### SUPPLIED INFORMATION
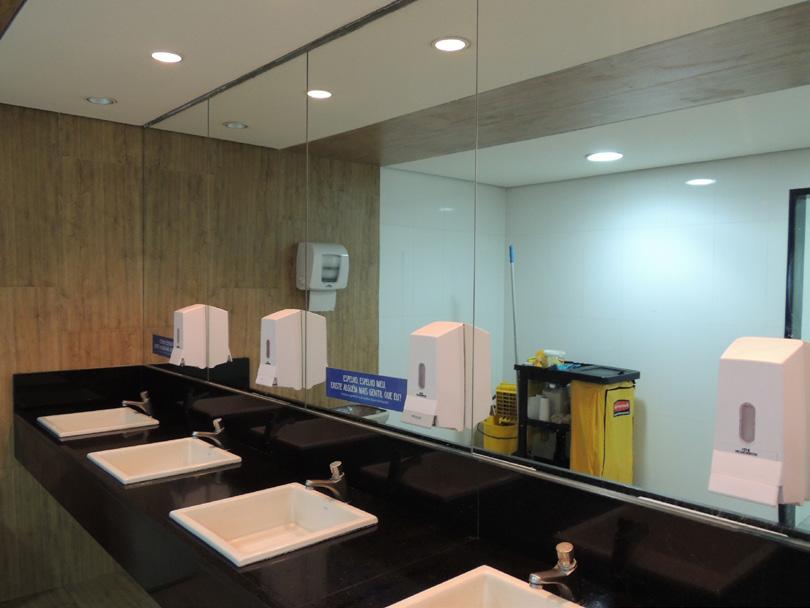 Comunicação Banheiro Espelhos Material: Adesivo Formato: a definir Qtd: 5 unidades por banheiro (preço por banheiro) Valor: R$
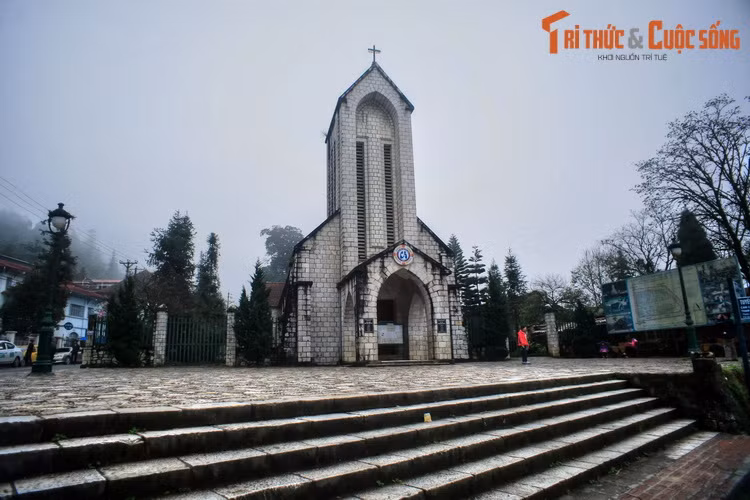  10. Nhà thờ đá Sapa, còn gọi là nhà thờ Đức Mẹ Mân Côi, là công trình mang tính biểu tượng nằm ở trung tâm thị xã Sapa. Nhà thờ được xây từ năm 1926-1935 theo phong cách kiến trúc Gothic kết hợp Roman, có đặc điểm nổi bật là dùng đá tàng để xây tường thay vì dùng gạch.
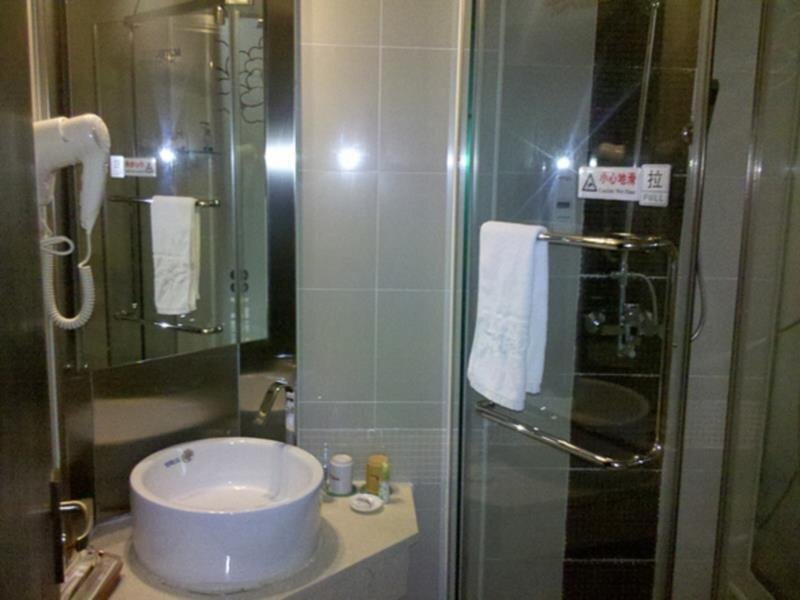 Цзилинь: Motel 168 Ji Lin Railway Station Inn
######
PROBLEM TO WORK ON: The data above must be copied exactly. Leave out the pictures.

REPLY TO THE TASK:
 Comunicação Banheiro Espelhos Material: Adesivo Formato: a definir Qtd: 5 unidades por banheiro (preço por banheiro) Valor: R$
  10. Nhà thờ đá Sapa, còn gọi là nhà thờ Đức Mẹ Mân Côi, là công trình mang tính biểu tượng nằm ở trung tâm thị xã Sapa. Nhà thờ được xây từ năm 1926-1935 theo phong cách kiến trúc Gothic kết hợp Roman, có đặc điểm nổi bật là dùng đá tàng để xây tường thay vì dùng gạch.
 Цзилинь: Motel 168 Ji Lin Railway Station Inn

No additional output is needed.